Saying the judge who declined to define the word “woman” in court has already made up his mind, the six women suing their sorority for admitting a transgender member argue they have a right to appeal the dismissal of their lawsuit to a higher court.
Kappa Kappa Gamma, the sorority whose Wyoming chapter inducted transgender member Artemis Langford in 2022, has filed a brief in the 10th Circuit Court of Appeals saying the six women trying to sue it can’t appeal because they still have a chance to amend their lawsuit complaint in Wyoming’s federal district court.
The women argued back in a response filed Monday, saying that while U.S. District Court Judge Alan B. Johnson technically left them an avenue to amend their complaint, he deemed their main arguments groundless and has essentially made up his mind.
Johnson ruled a private organization has a right to define its own bylaws as it wishes, and it’s outside the purview of the court to impede that. He declined to define the word “woman,” and noted that the Kappa bylaws don’t define the word, though Kappa in 2018 issued a document saying it would include anyone who identifies as a woman.
The women’s Monday argument calls Johnson’s conclusion “erroneous” and says it should give them the right to appeal.
“No superfluous bylaw defining ‘woman’ exists, and no reiterations of (our) complaint could create it,” wrote the women via their attorney Sylvia May Mailman.
Also listed on the argument were their attorneys Gene C. Schaerr, Cassie Craven and John Knepper.
“Plaintiffs are unable to seek review of the district court’s erroneous legal conclusion that the term ‘woman’ as used in Kappa’s governing documents now requires further bylaw definition to exclude male-born individuals,” the filing says.
‘Female-Only Space’
The argument confronts Kappa’s other claim, that 10th Circuit Case law prohibits the women from appealing.
Kappa Kappa Gamma had cited the 2015 case Eastom v.
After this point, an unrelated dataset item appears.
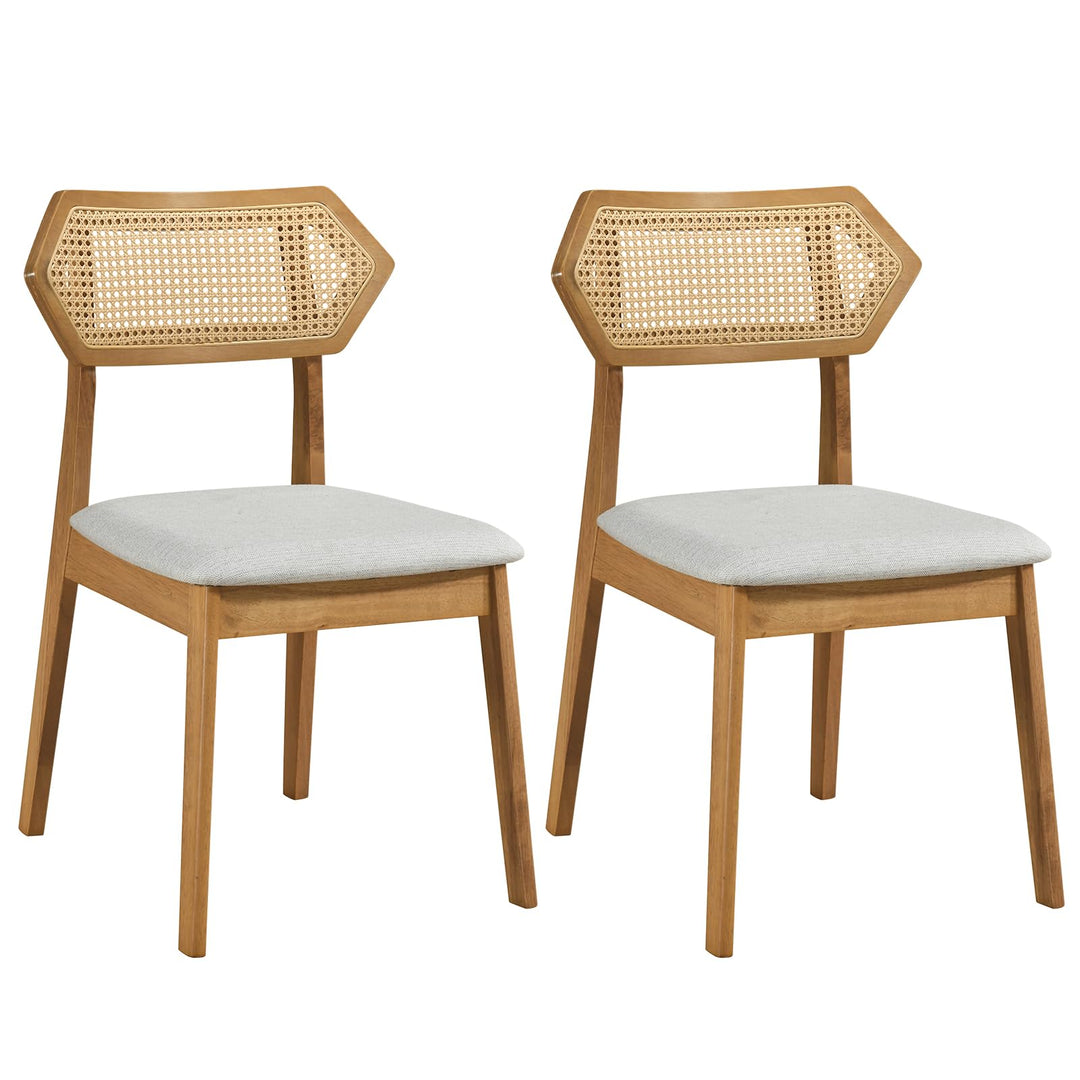 Giantex Wood Dining Chairs Set of 2/4 Rattan Upholstered with Solid Wood Frame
City of Tulsa, from the 10th Circuit, in which a plaintiff tried to voluntarily dismiss his lawsuit against a government official, only to seek appeal after that, according to the women’s argument.
The case and the others stemming from it insist that a plaintiff can’t manufacture jurisdiction in an appeals court by seeking to get out of the lower court voluntarily, the argument adds.
The women also argue that the costs of denying them an appeal “may be irreparable” as other women seek a “female-only space” in sororities around the country.
“Plaintiffs bring this appeal because they must,” reads the argument.
Kappa Kappa Gamma did not immediately comment to Cowboy State Daily by publication time Tuesday morning.